150th Anniversary History
The Civil War era saw a major change in American medicine. In the middle 19th century, the practice of medicine began emerging from the Dark Ages to one based on scientific principles and procedures that had been pioneered in Europe. In 1860 Florence Nightingale established the first school of nursing in the world at St. Thomas Hospital in London, England. It was just two years after the end of the Civil War, in 1867, that Joseph Lister of Glasgow published his germ theory of disease.

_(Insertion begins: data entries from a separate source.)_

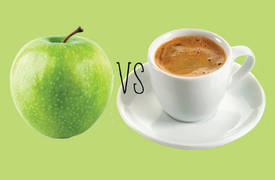 خبراء الصحة يحسموها.. قهوة ام تفاحة لصباح أفضل !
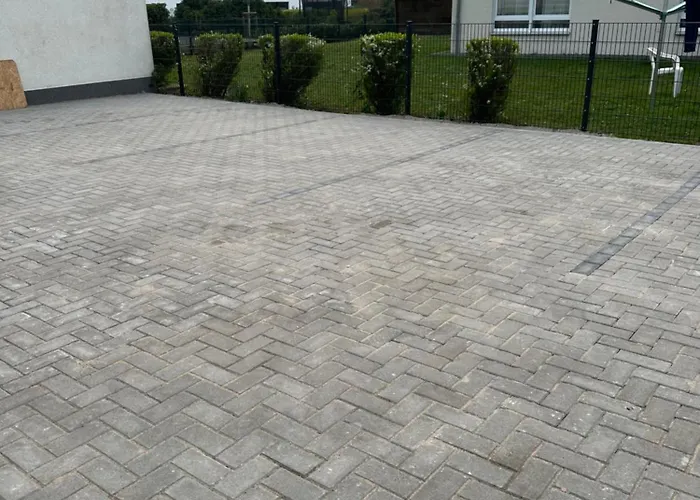 Premium-apartment Im Duisburger Sueden, Naehe Duesseldorf Flughafen & Messe, Komplett Ausgestattetes Mit Modernen Altbau-flair Duisburg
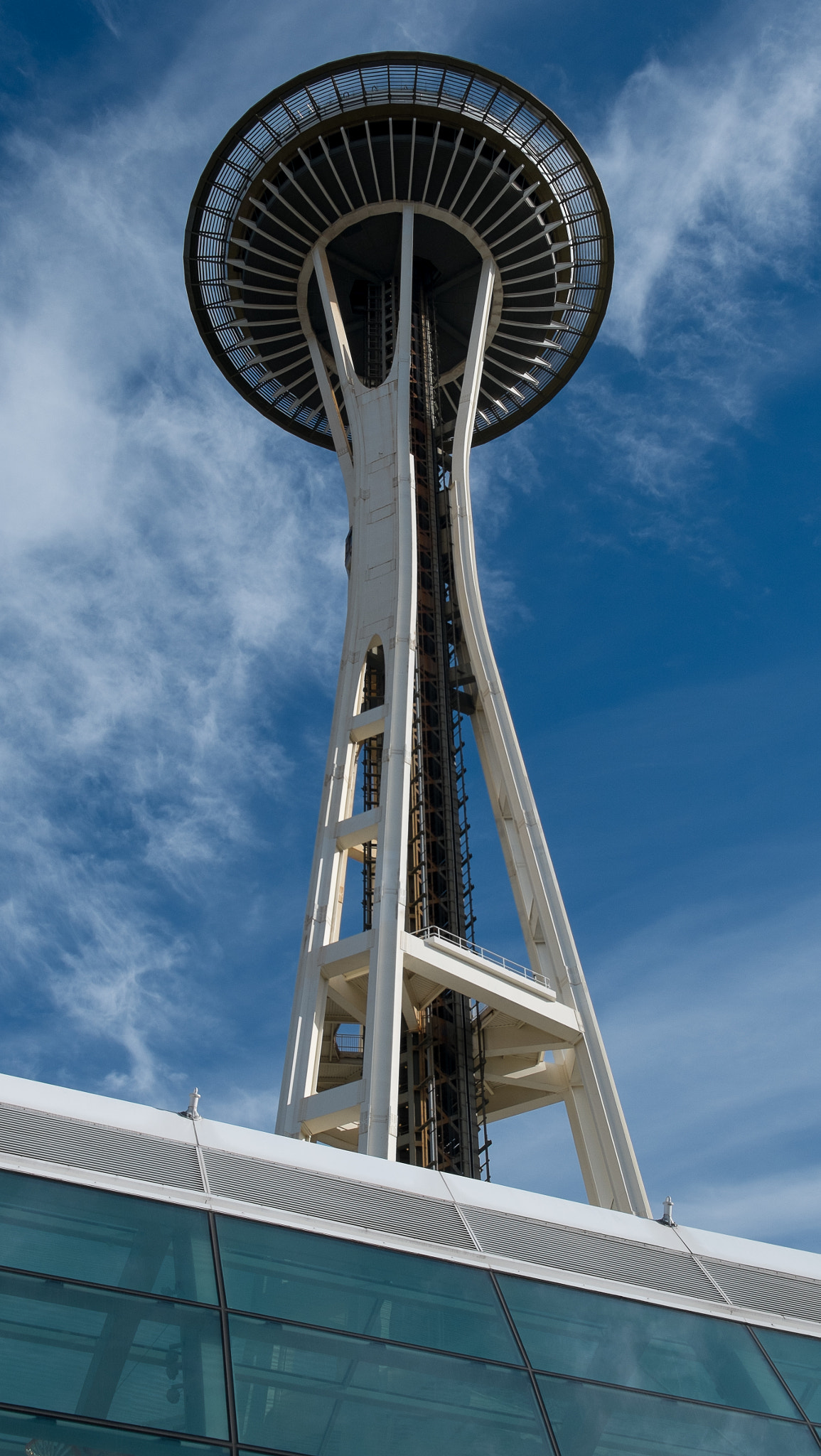 Fujifilm XC 16-50mm F3.5-5.6 OIS sample photo. A seattle classic. photography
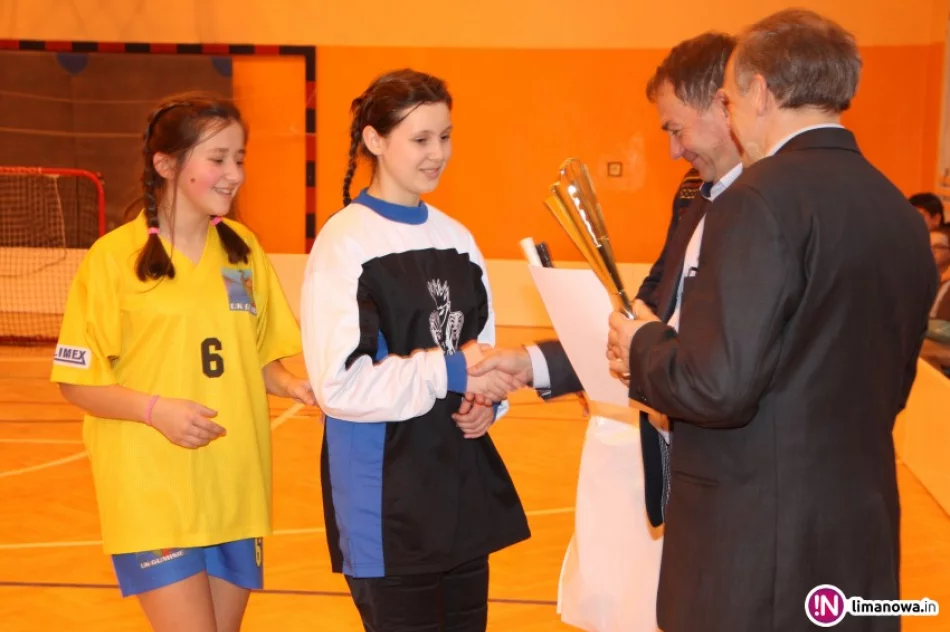 Stara Wieś nr 2 niepokonana w unihokeju! - zdjęcie 3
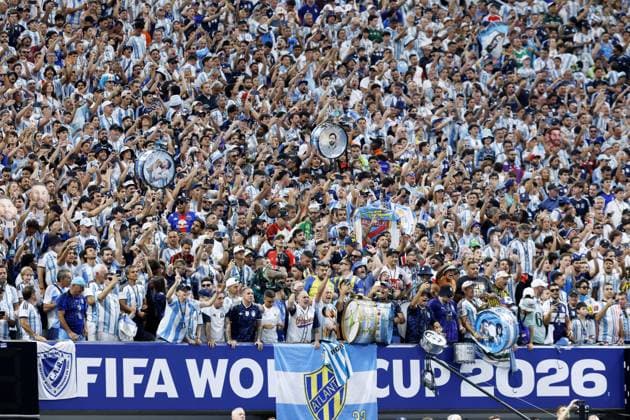Football: 2026 World Cup Argentina supporters cheer ahead of a World Cup round of 16 football match against Egypt at Atlanta Stadium in Atlanta on July 7, 2026.  A14AA0005622033P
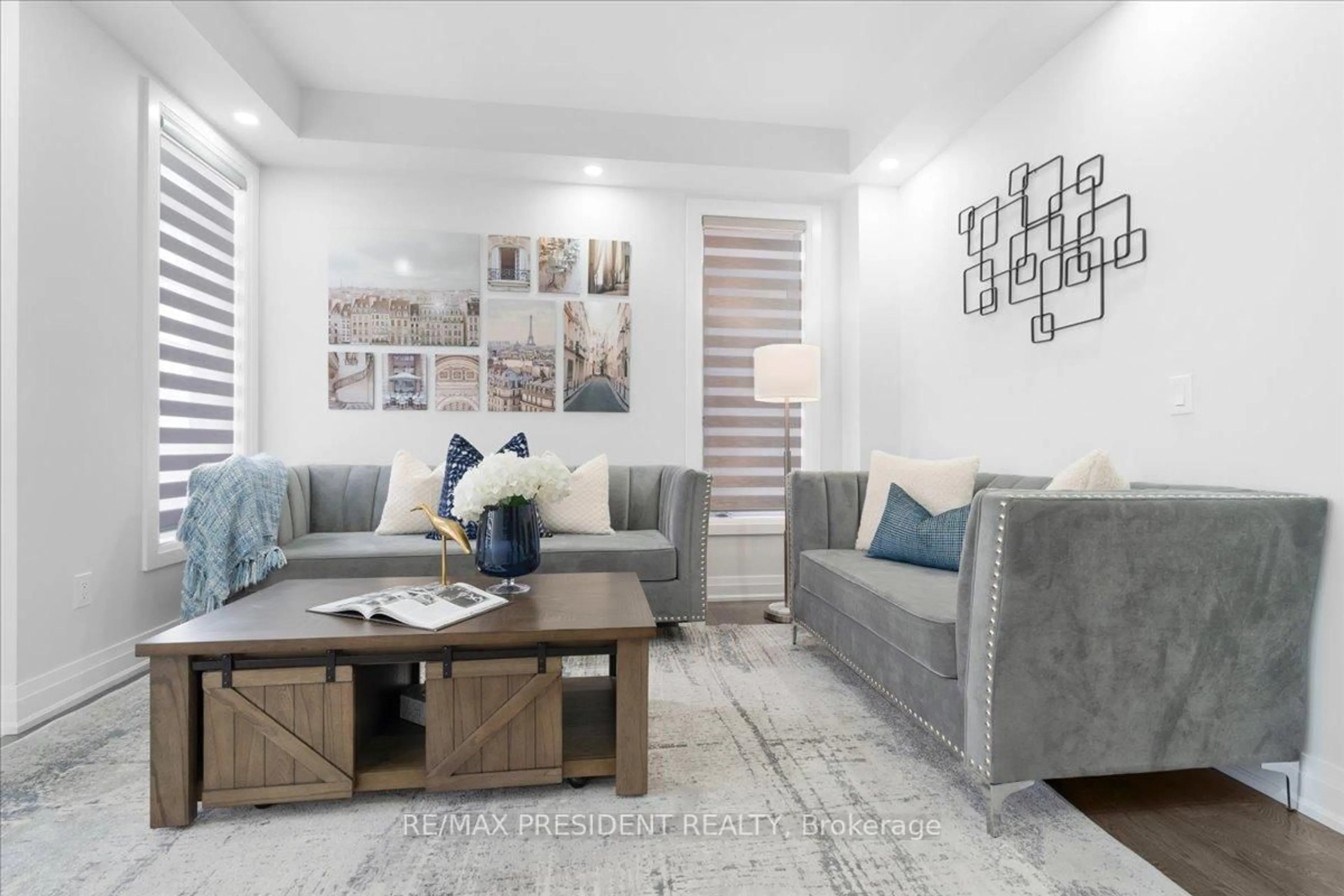 Living room with furniture, unknown for 1331 Upper Thames Dr, Woodstock Ontario N4T 0N1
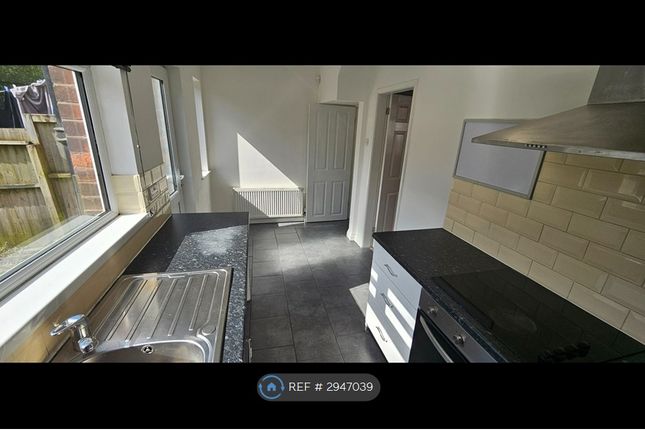 Travers St, Horwich, Bolton photo 5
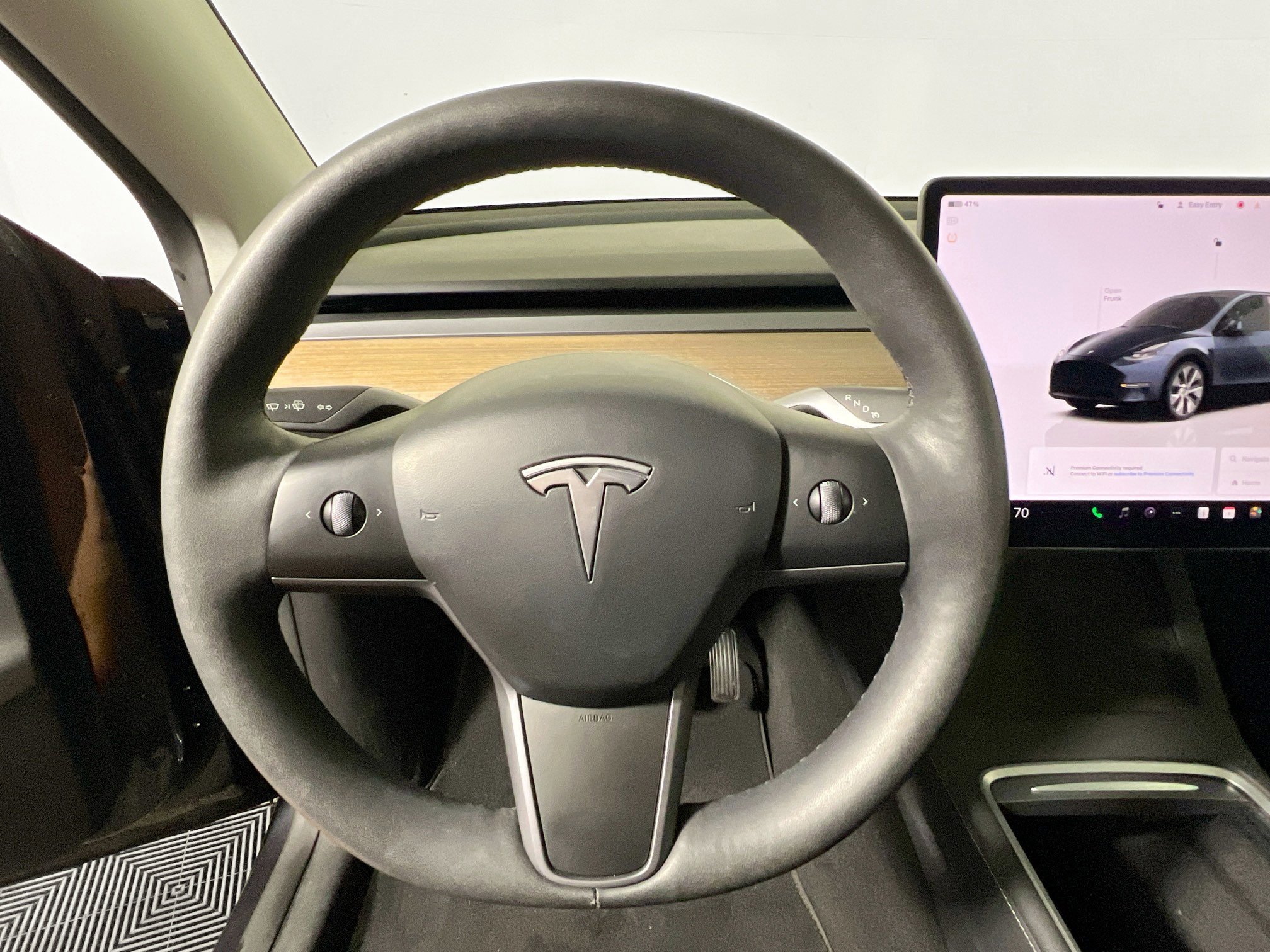 Used 2024 Tesla Model Y Long Range image 17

One of the most significant advances in the history of medical science was yet to come—the discovery of X-rays in Germany by Wilhelm Conrad Roentgen in 1895. Just four years later, a small, 200-bed orthopaedic hospital on East 42nd Street in New York City installed its first X-ray machine, enabling its physicians to peer inside their patients without the need for a surgical scalpel. That hospital, which had planted its roots during the time of the Civil War, would grow to become Hospital for Special Surgery, which in 2013 is the oldest orthopaedic hospital in the nation.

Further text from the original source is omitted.